__Collected material__:
┌──
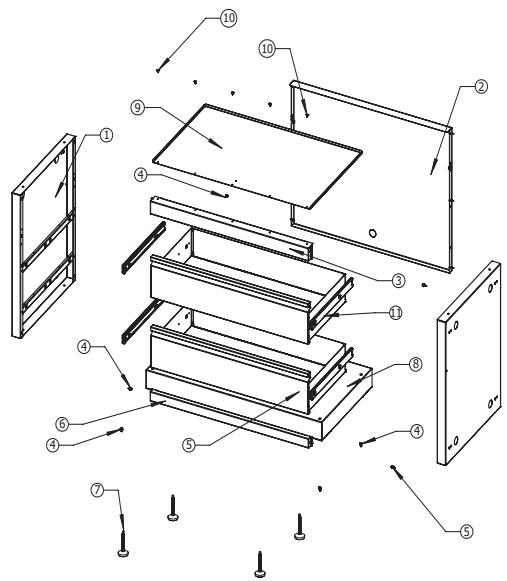 NAPOLEON GRILLS BIG 32 - Parts List / List des pieces - 3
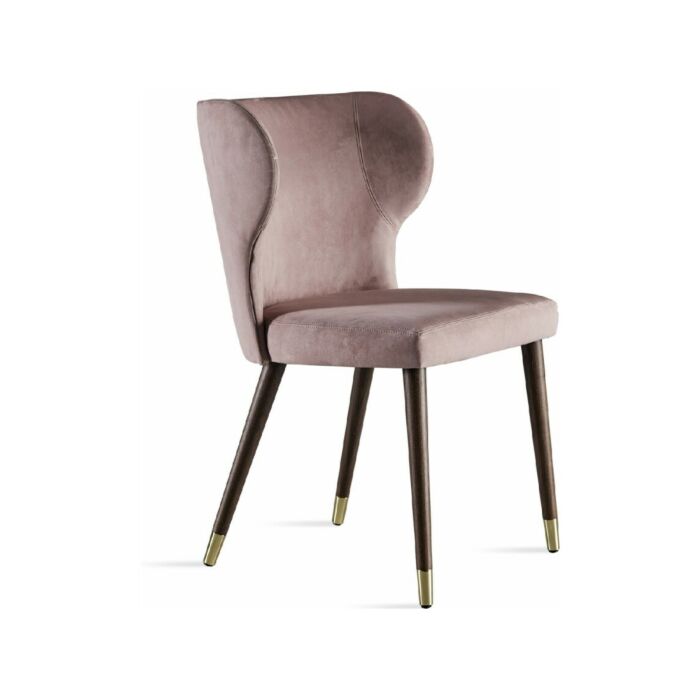 colico QUEEN Poltroncina con struttura in frassino, puntali in ottone cromato e seduta in tessuto | ecopelle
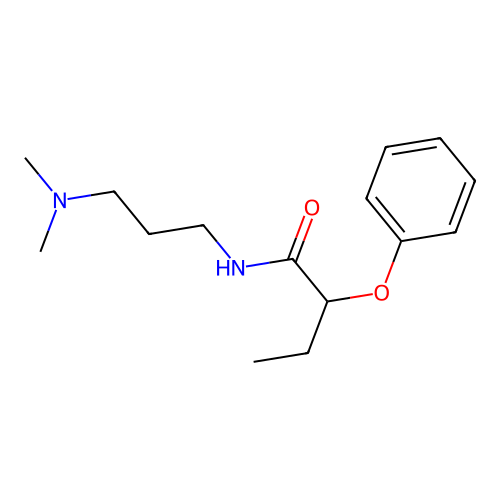 N-[3-(dimethylamino)propyl]-2-phenoxybutanamide structure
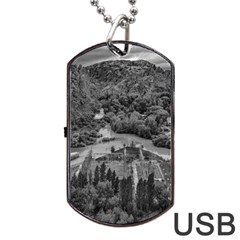 Florentino ameghino dam, chubut, argentina Dog Tag USB Flash (Two Sides) from ArtsNow.com Back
└──
Once the pictures are removed, copy the listing exactly.

 NAPOLEON GRILLS BIG 32 - Parts List / List des pieces - 3
 colico QUEEN Poltroncina con struttura in frassino, puntali in ottone cromato e seduta in tessuto | ecopelle
 N-[3-(dimethylamino)propyl]-2-phenoxybutanamide structure
 Florentino ameghino dam, chubut, argentina Dog Tag USB Flash (Two Sides) from ArtsNow.com Back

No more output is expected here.